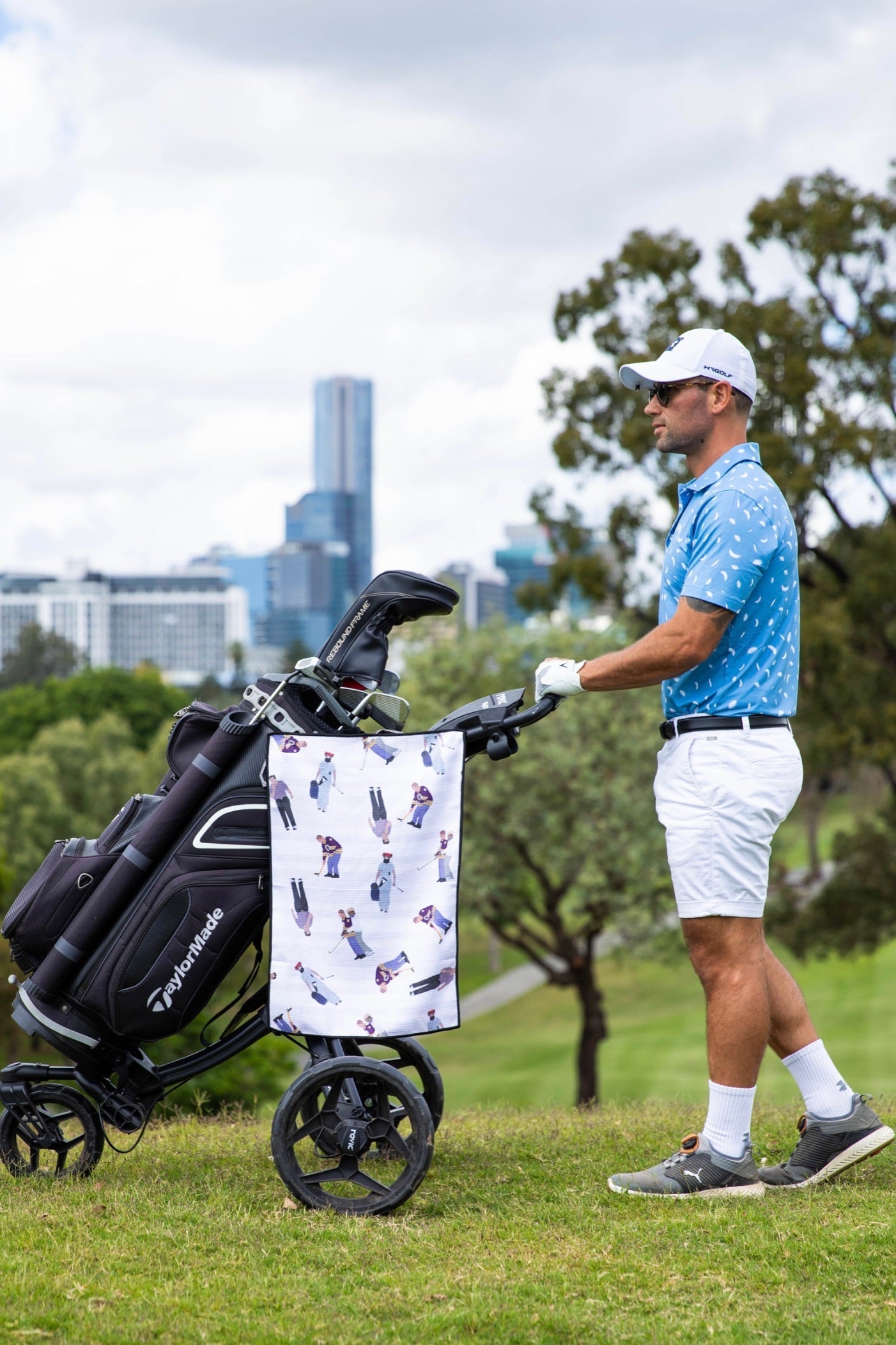 Happy Shooter Golf Towel-Cheeky Winx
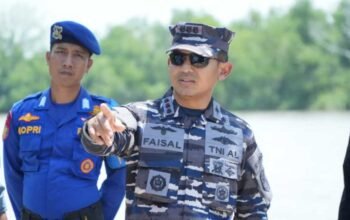 Lanal Palembang Perkuat Kesiapsiagaan Maritim, Danlanal Tinjau Posal Mesuji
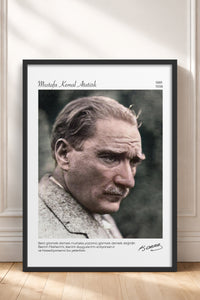 HOMEPACK Ahşap Çerçeveli Tablo Çerçeveli Poster Sanatsal Modern Duvar Dekoru ATA-15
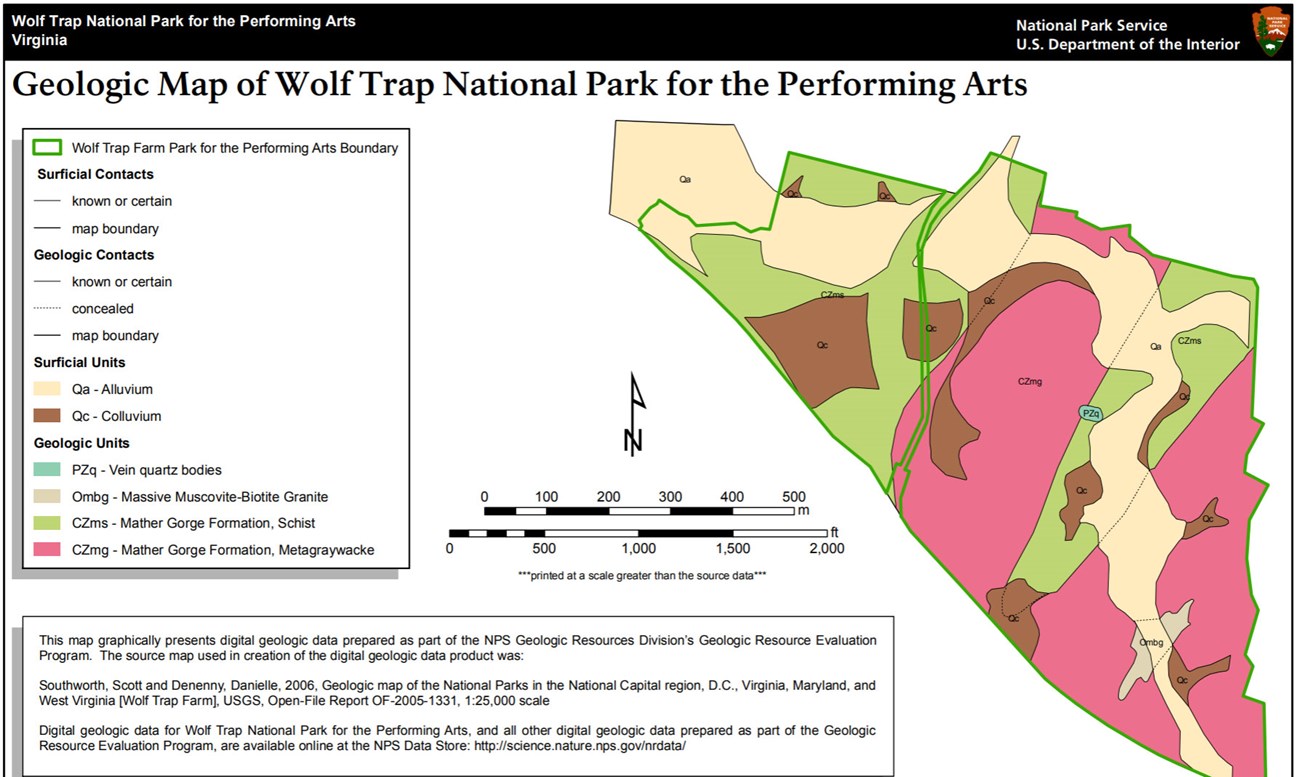image of wolf trap gri geologic map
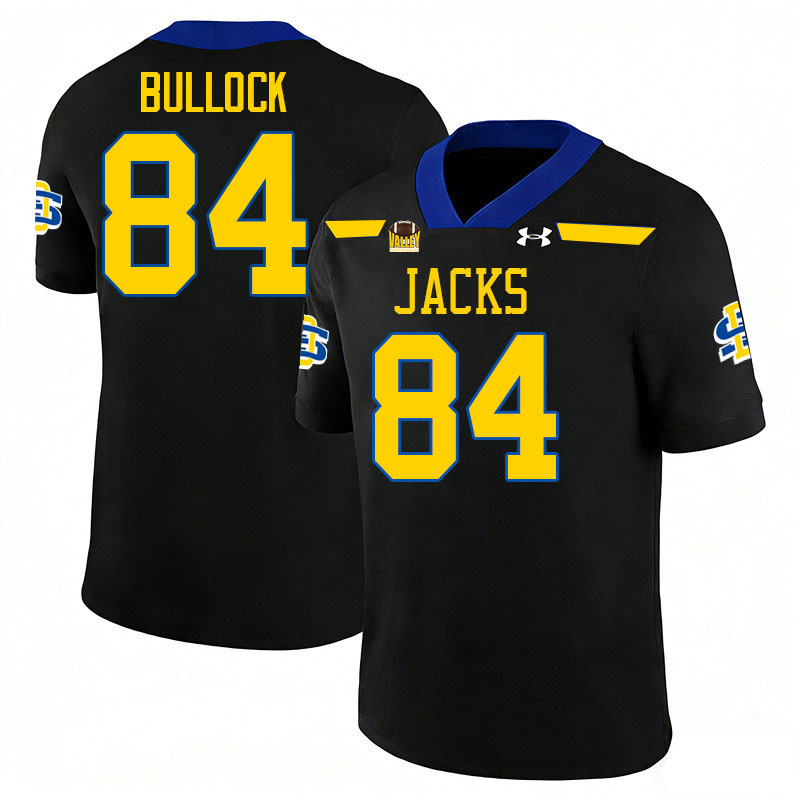 South Dakota State Jackrabbits #84 Alex Bullock College Football Jerseys,Uniforms-Black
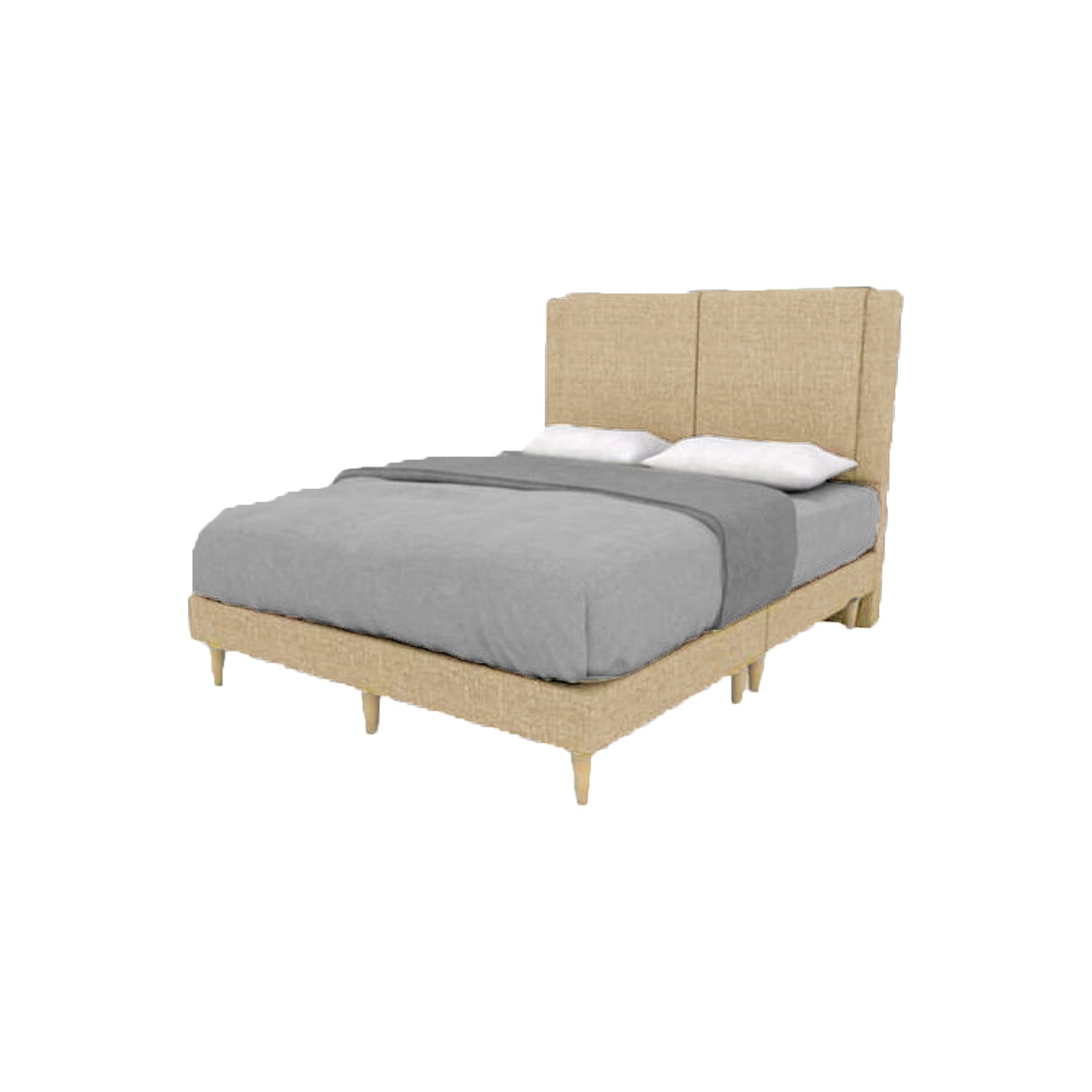 Vermeer Divan Bed Frame 6" Pencil Leg In 5 Colors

:: EXERCISE AIM ::
Both ends included, copy the lines from the one holding "image of wolf trap gri geologic map" to the last line of the entries exactly, with all pictures left out.

:: WRITTEN ANSWER ::
image of wolf trap gri geologic map
 South Dakota State Jackrabbits #84 Alex Bullock College Football Jerseys,Uniforms-Black
 Vermeer Divan Bed Frame 6" Pencil Leg In 5 Colors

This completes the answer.